§ **ASSIGNED TASK**: Omit the images. Restate all of the records word for word.
======== SOURCE MATERIAL
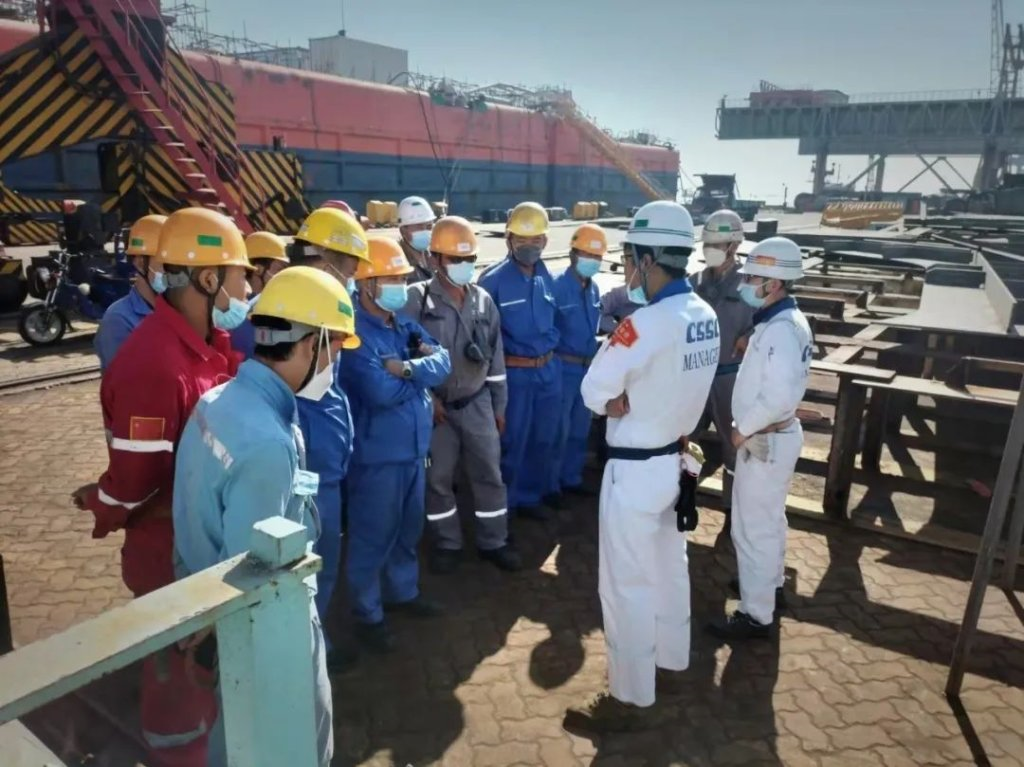 文冲修造海工驳船“海洋石油229”轮圆满完成升级改造、交付船东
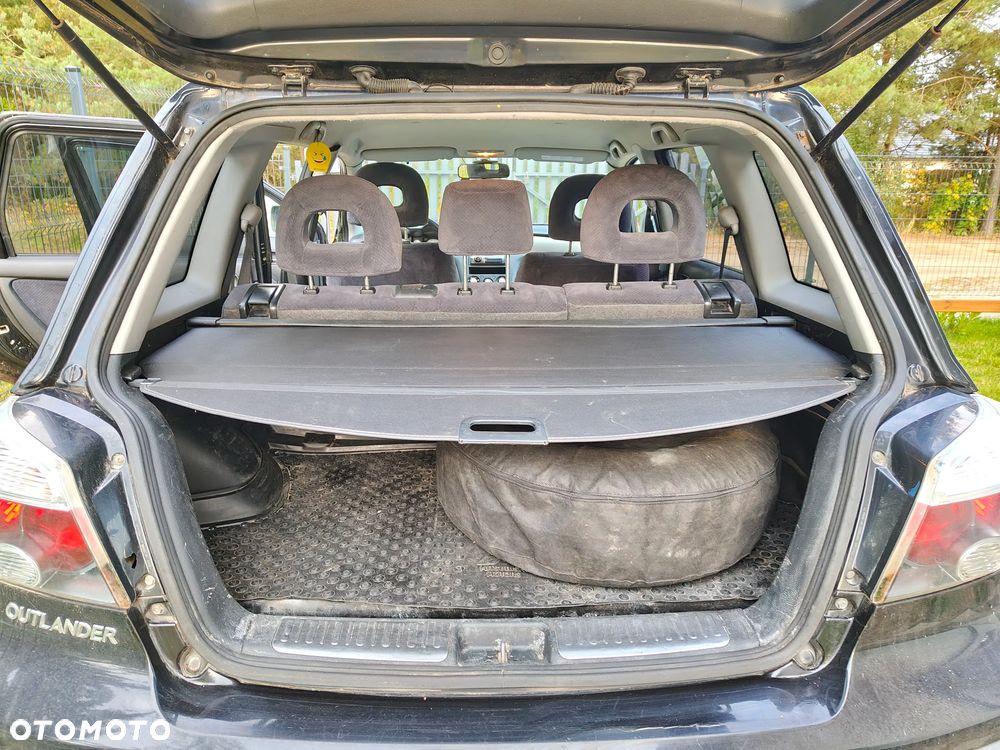 Mitsubishi Outlander - 10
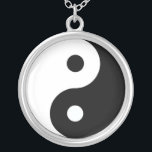 Collier Yin et Yang<br><div class="desc">Taille parfaite pour le pendentif de la chaîne argentée,  qui complète également le symbole</div>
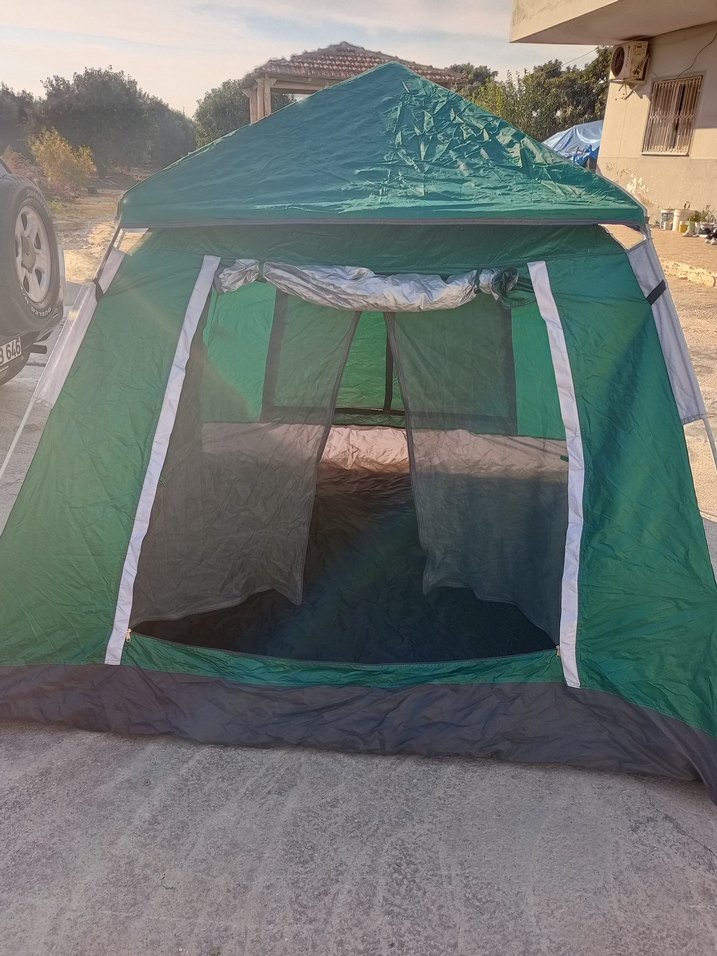5 Kişilik koyu yeşil kamp çadırı - Görsel 3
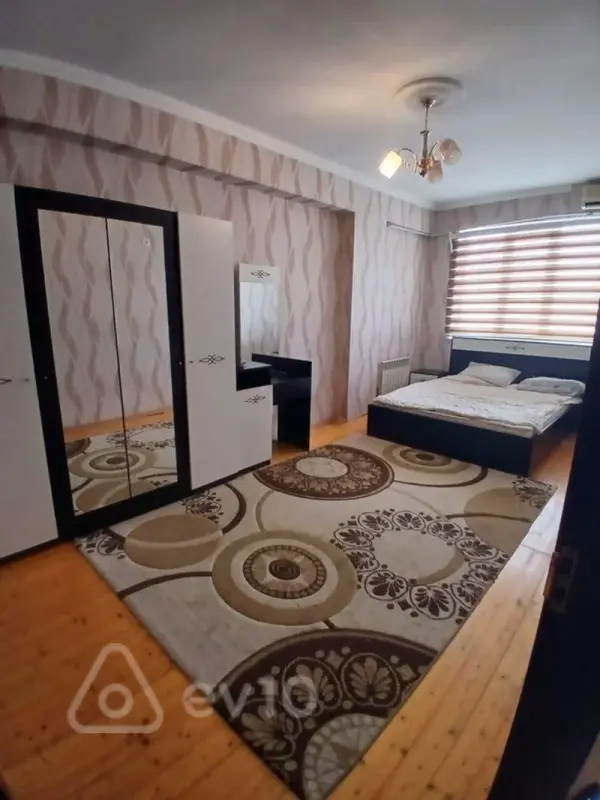 Kirayə verilir 1 otaqlı köhnə tikili 38 m²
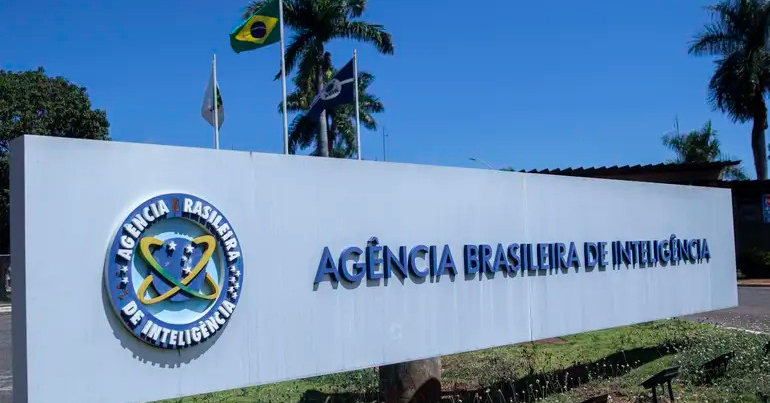 A Intelis se mobiliza para afastar o diretor-geral da Agência, delegado Luiz Fernando Corrêa, indiciado pela PF no caso da “ABIN Paralela” no Governo de Bolsonaro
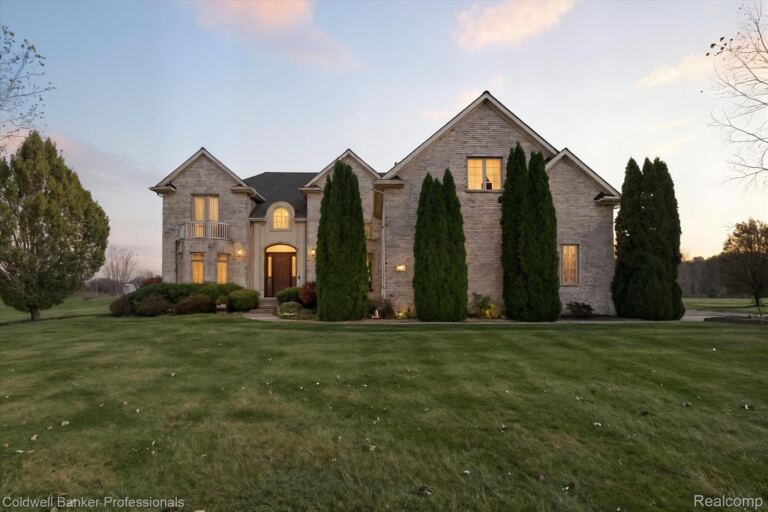 13065 White Oaks, Argentine Township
================
§ **TASK OUTPUT**:
 文冲修造海工驳船“海洋石油229”轮圆满完成升级改造、交付船东
 Mitsubishi Outlander - 10
 Collier Yin et Yang<br><div class="desc">Taille parfaite pour le pendentif de la chaîne argentée,  qui complète également le symbole</div>
5 Kişilik koyu yeşil kamp çadırı - Görsel 3
 Kirayə verilir 1 otaqlı köhnə tikili 38 m²
 A Intelis se mobiliza para afastar o diretor-geral da Agência, delegado Luiz Fernando Corrêa, indiciado pela PF no caso da “ABIN Paralela” no Governo de Bolsonaro
 13065 White Oaks, Argentine Township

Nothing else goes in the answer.